#### Recorded data

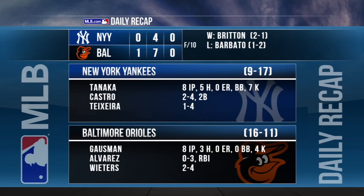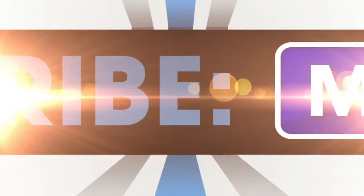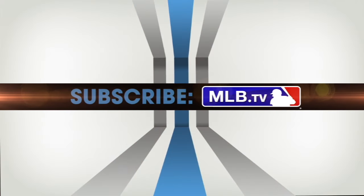The Orioles take two of three from the Yankees. Gossman lowers his ERA to 1.42 — he hasn't allowed more than two earned runs in any of his three starts this season. Up next, the O's host the A's on Friday, and the Yankees welcome the Red Sox. We'll see you next time.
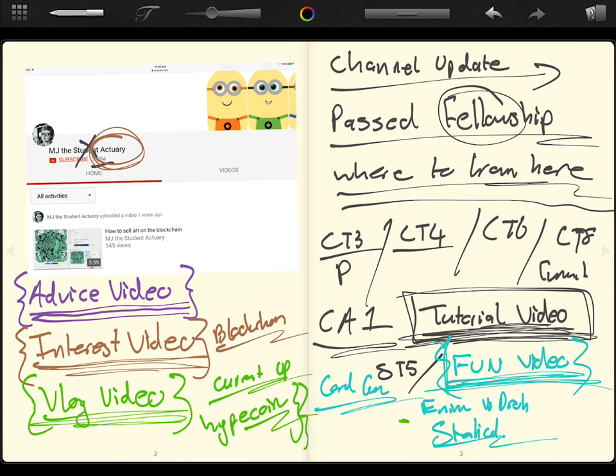So yeah, you can see there's, I've been doing a lot of thinking on how I want, where I want this channel to go.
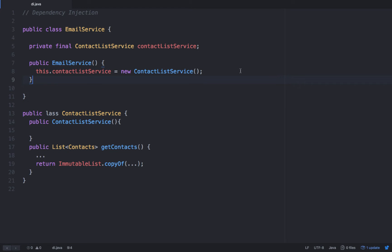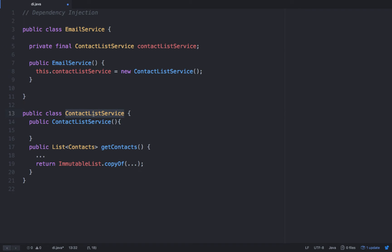So perhaps in the past, you've done something like this — you had an email service class, and this class had to use a contact list service. This contact list service is a class, and essentially this contact list service simply provides a list of contacts. You can see this method right here simply returns a list of contacts. And by the way, I'm going to provide you guys with this file, and we're going to use dependency injection with Spring. So this method, get contacts, simply returns an immutable list of contacts. And then you would say that this class right here, email service, would use the contact list service.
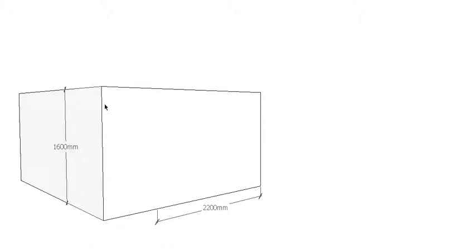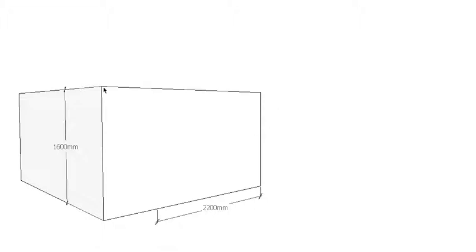G'day and welcome back to BuildSum. In this video we're carrying on with our stair calculations. This time I'm going to restrict the going of this staircase to 2200 millimeters. So again, our rise of flight is 1600 and our going of flight is going to be restricted to 2200.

########

A word-for-word copy of the lines from the one with "So perhaps in" through the final line of the listing above is the whole answer, and it contains no pictures.

*Answer area*:
So perhaps in the past, you've done something like this — you had an email service class, and this class had to use a contact list service. This contact list service is a class, and essentially this contact list service simply provides a list of contacts. You can see this method right here simply returns a list of contacts. And by the way, I'm going to provide you guys with this file, and we're going to use dependency injection with Spring. So this method, get contacts, simply returns an immutable list of contacts. And then you would say that this class right here, email service, would use the contact list service.
G'day and welcome back to BuildSum. In this video we're carrying on with our stair calculations. This time I'm going to restrict the going of this staircase to 2200 millimeters. So again, our rise of flight is 1600 and our going of flight is going to be restricted to 2200.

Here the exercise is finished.